The kumara shoots came in a big bunch that I couldn’t possibly use all of but I shared them with friends. If you want you can grow your own shoots from a kumara tuber: sprout the tuber by burying it just below the surface in a pot of moist sand placed in a warm sunny position. You can plant the whole tuber once it has sprouts a couple of centimeters long or let the shoots get to 15cm or so and then carefully cut them from the tuber.
I used re-purposed plastic recycling bins as my containers, filled them with some container mix and compost and placed them in a nice sunny spot. Containers are actually great for growing kumara because they need a hard soil base (or in this case the base of the container) which stops their roots running and running and tells them it is time to start developing the edible tubers.
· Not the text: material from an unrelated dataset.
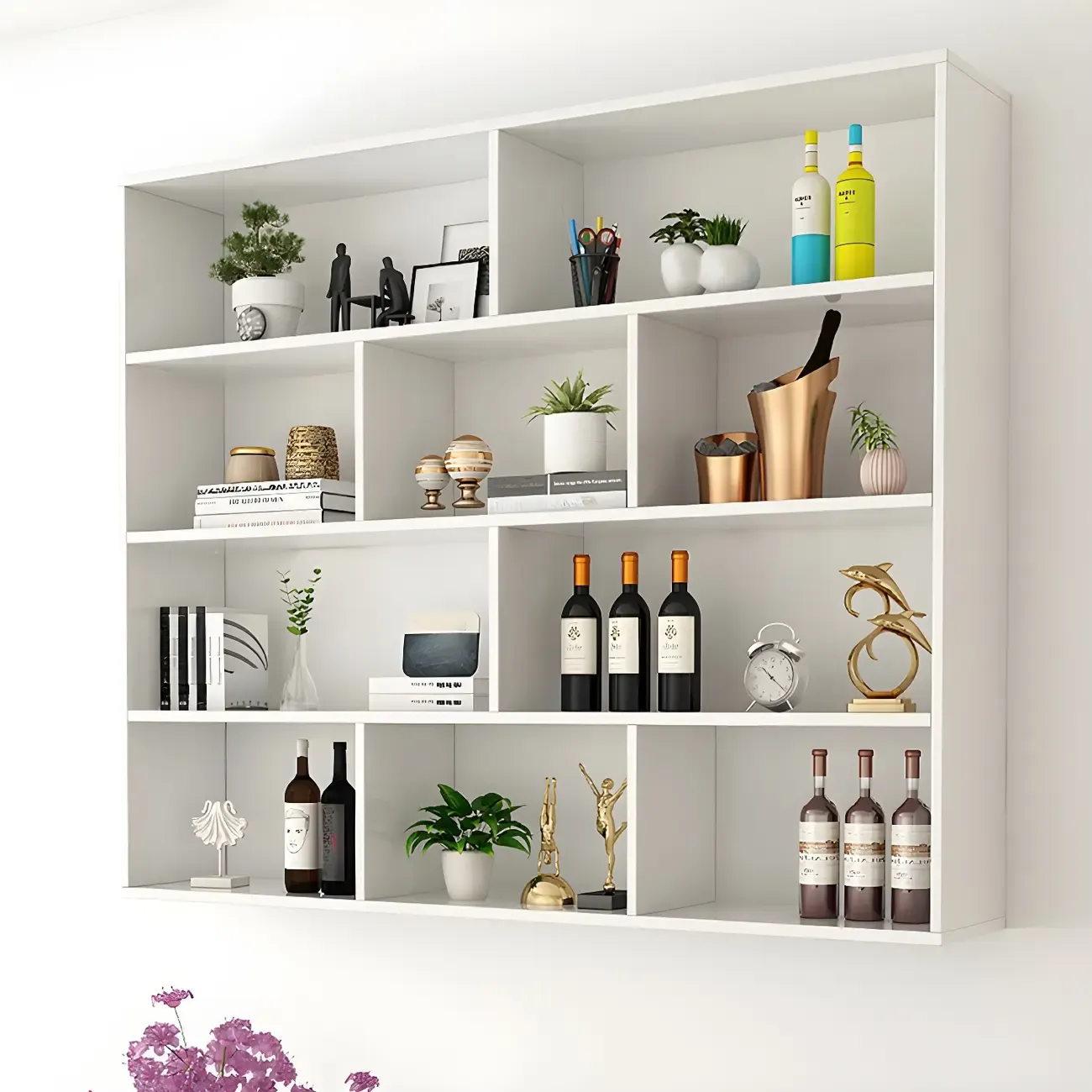 White Wall-Mounted Cube Wood Display Bookcase Image - 1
I planted 5 shoots per container. I had heard that the shoots should be planted with their bottom half in the soil with the lower half bent upwards to form a ‘U’ shape under ground. Then keep them well watered so that they can get established.
The plants established nicely and grew lots of healthy looking leaves. After a while they started to spread and long tendrils of runners went out in search of new places to take root – make sure you lift these occasionally to stop them taking over the garden. You need to keep them watered over the summer but not too wet.
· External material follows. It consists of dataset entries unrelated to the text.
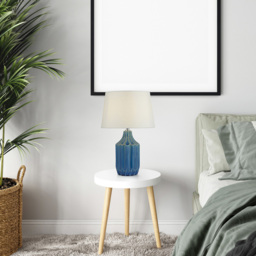 Lighting Collection Blue Ceramic Table Lamp - Size: 44 x 28 x 28cm - Wilko - thumbnail 3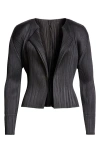Issey Miyake Technical-pleated Cardigan In Black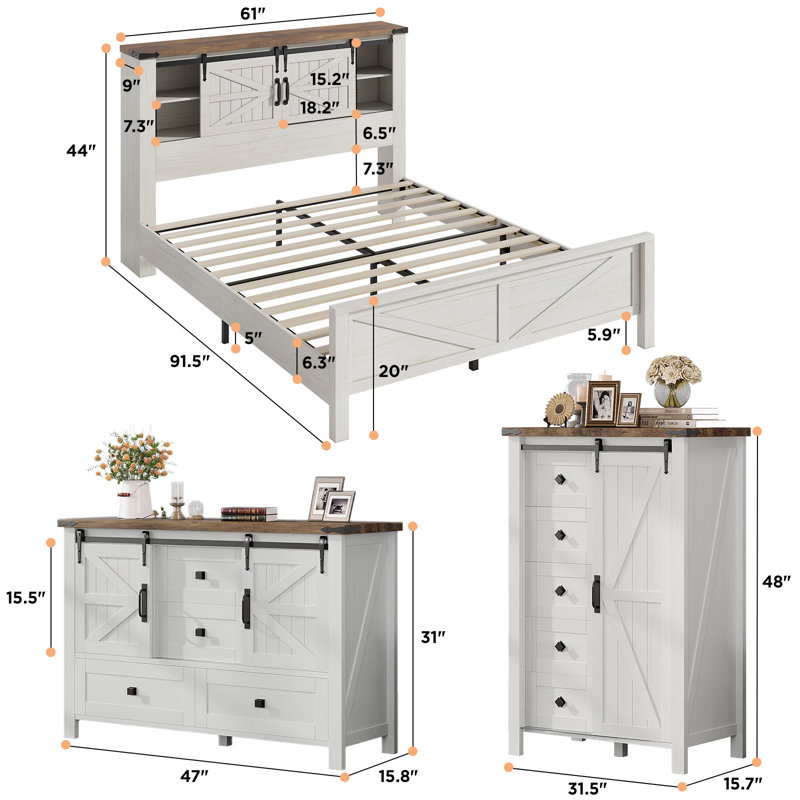 3 Pieces Farmhouse Bedroom Set, Queen Size Bookcase Bed Frame, 5 Drawer Dresser, 4 Drawers Dresser,White, Queen, White/Cream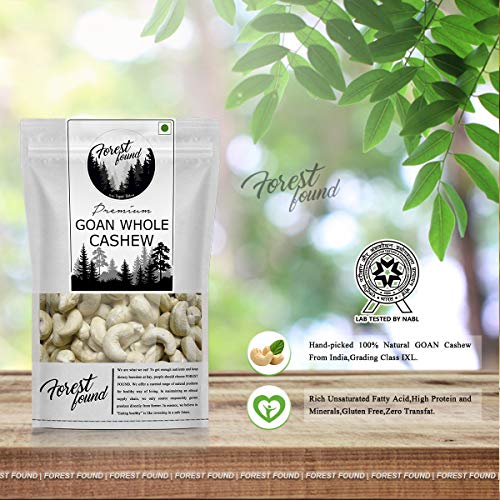 Image of Forest Found Whole Goan Cashew Nuts W320 Grade | Premium Natural & Crunchy Kaju, Sourced from Goa Farms, No Broken Pieces, Zip Lock Reusable Pouch | 400g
Harvesting of kumara usually occurs in late autumn once the leaves have turned yellow. We had such a strange year with a seemingly endless autumn that this didn’t happen until July this year, which is really mid-winter. Even then I wasn’t entirely sure if they were ready and eventually got impatient and decided to dig up one container to see what was going on: to start with I thought they hadn’t formed any tubers at all but they were all at the bottom of the container.
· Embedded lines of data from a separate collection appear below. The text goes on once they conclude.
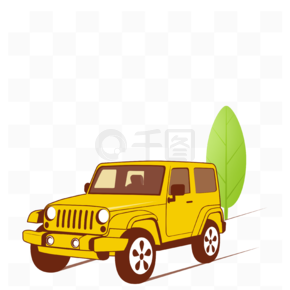 卡通矢量黄色行驶的越野吉普车汽车插画元素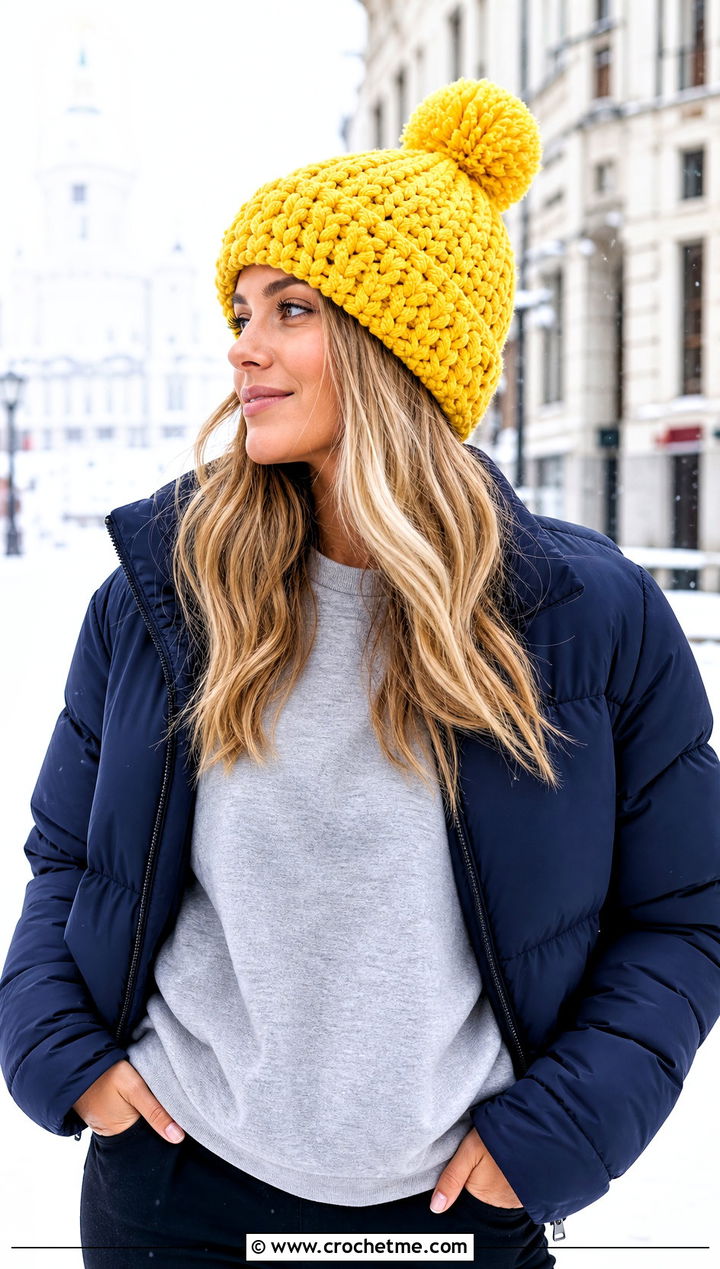 Pom Pom Chunky Crochet Beanie With Puffer Jacket - 15 Simple Chunky Crochet Hat outfit ideas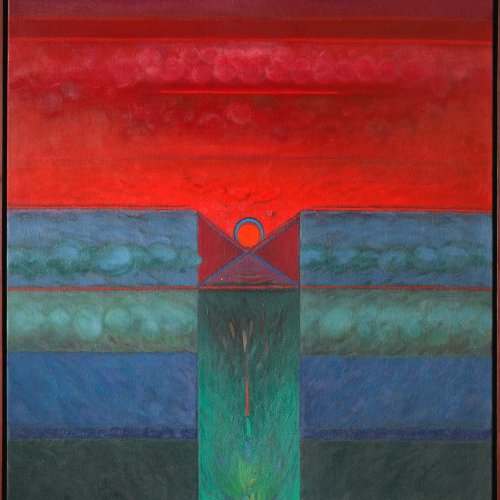 Om Prakash Sharma, On the Top of the Clouds, 1991/ 1992, Öl/ Leinwand, 122 x 86,5 cm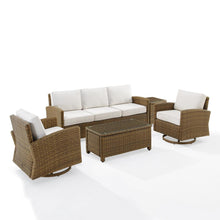 Load image into Gallery viewer, Bradenton 5Pc Swivel Rocker And Sofa Set - Sunbrella White/Weathered Brown - Sofa, Coffee Table, Side Table, &amp; 2 Swivel Rockers
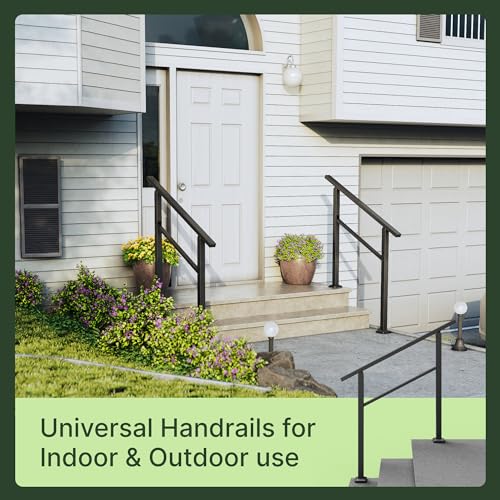 Outdoor Step Handrail for 3 Steps, Black Stair Railing Kit O386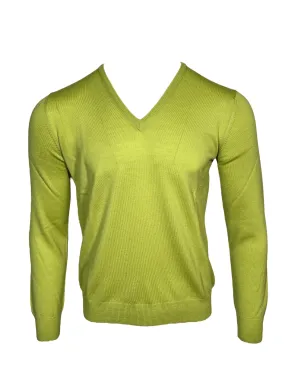 BUTTON DOWN MERINO V-NECK SWEATER - BRIGHT GREEN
Lift the tubers carefully out by hand and then you are supposed to leave them on the soil surface for a few days to cure and develop a dry firm skin. I didn’t do this because some of mine looked quite black and a bit slimy so I gave them a good scrub and then left them to dry spread out on newspaper. Hopefully they will still store well.
I harvested 3.75kg of kumara from my two recycling bins: one was very large, half a dozen were of reasonable size and the rest were very small. I don’t know whether this was because I planted too many in the container, whether I needed to have used more compost and manure to give them a richer soil, whether I needed to feed them more during the growing season, or whether this is a normal spread of sizes.
Now I have the fun part of finding lots of different kumara recipes to use up my harvest.